-- WORK TO COMPLETE --
The required output is the exact run of lines in the listing below from the line holding "A cozy living" through the line holding "CHECKER TOOLED & COWHIDE JEWELRY BOX", with no pictures.

-- MATERIAL PROVIDED --
____________________

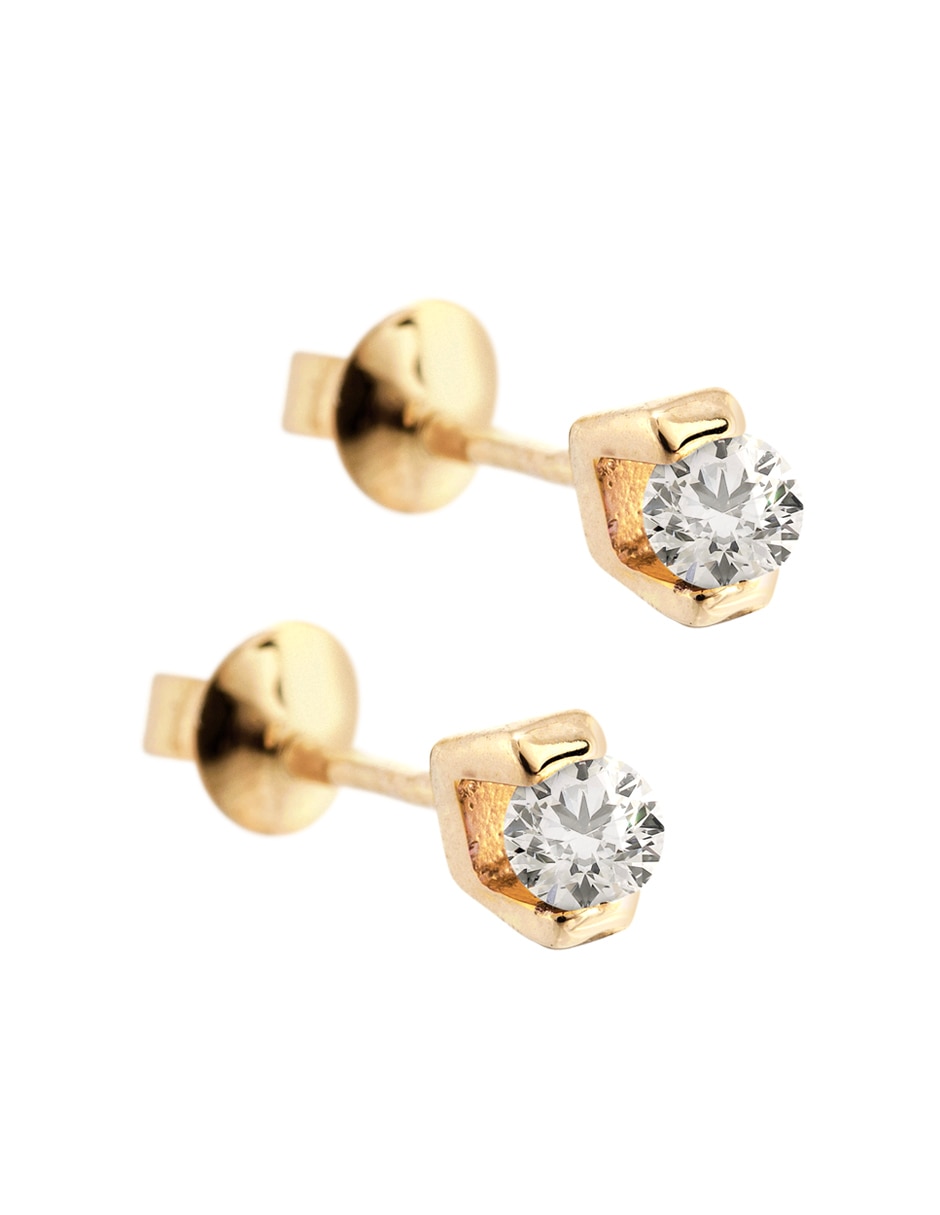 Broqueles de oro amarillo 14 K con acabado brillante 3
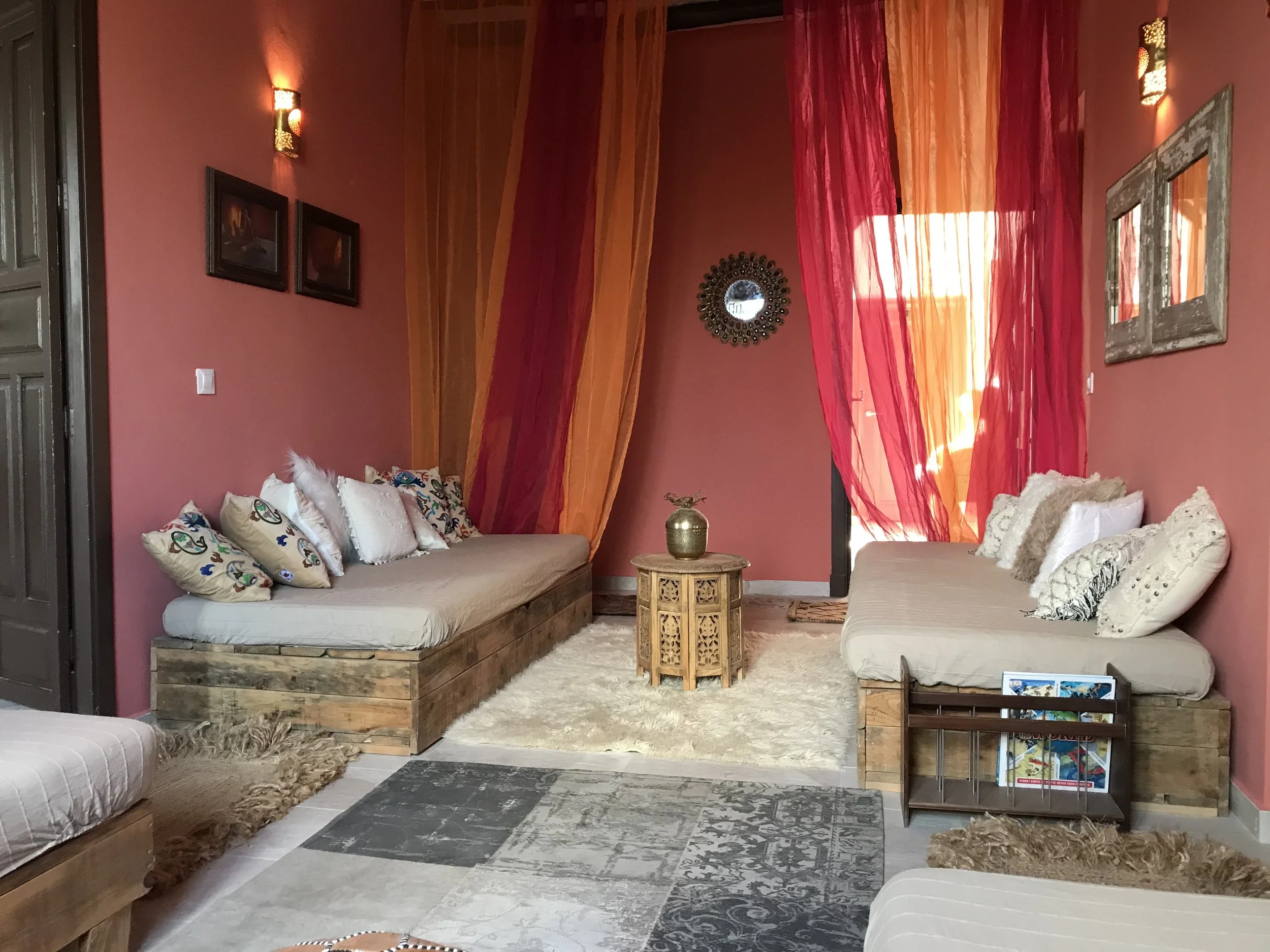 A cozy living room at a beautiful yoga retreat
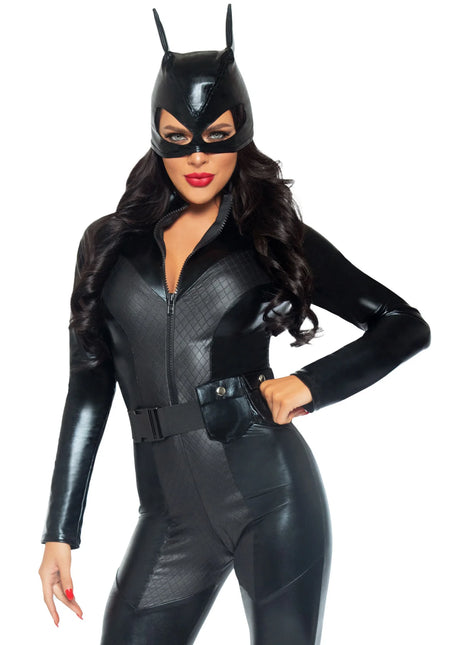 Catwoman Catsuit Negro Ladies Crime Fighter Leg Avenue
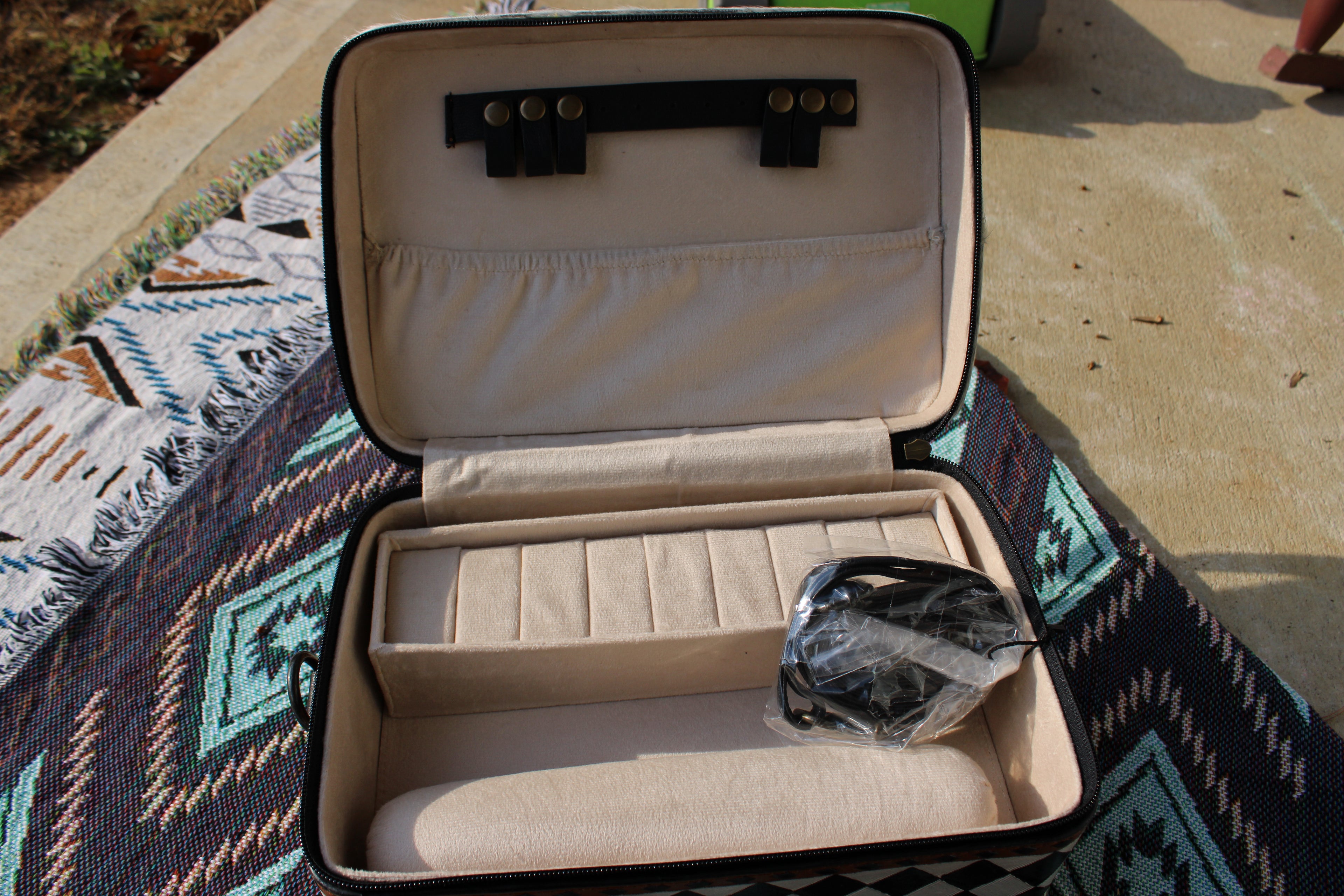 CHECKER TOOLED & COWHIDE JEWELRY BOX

____________________

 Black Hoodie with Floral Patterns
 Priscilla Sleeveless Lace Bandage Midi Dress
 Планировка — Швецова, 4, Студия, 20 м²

____________________

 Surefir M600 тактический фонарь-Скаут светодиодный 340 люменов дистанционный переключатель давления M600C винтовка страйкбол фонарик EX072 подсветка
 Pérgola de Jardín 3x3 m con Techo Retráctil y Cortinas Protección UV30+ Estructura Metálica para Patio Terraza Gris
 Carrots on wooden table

____________________

-- THE COMPLETED TASK --
 A cozy living room at a beautiful yoga retreat
 Catwoman Catsuit Negro Ladies Crime Fighter Leg Avenue
 CHECKER TOOLED & COWHIDE JEWELRY BOX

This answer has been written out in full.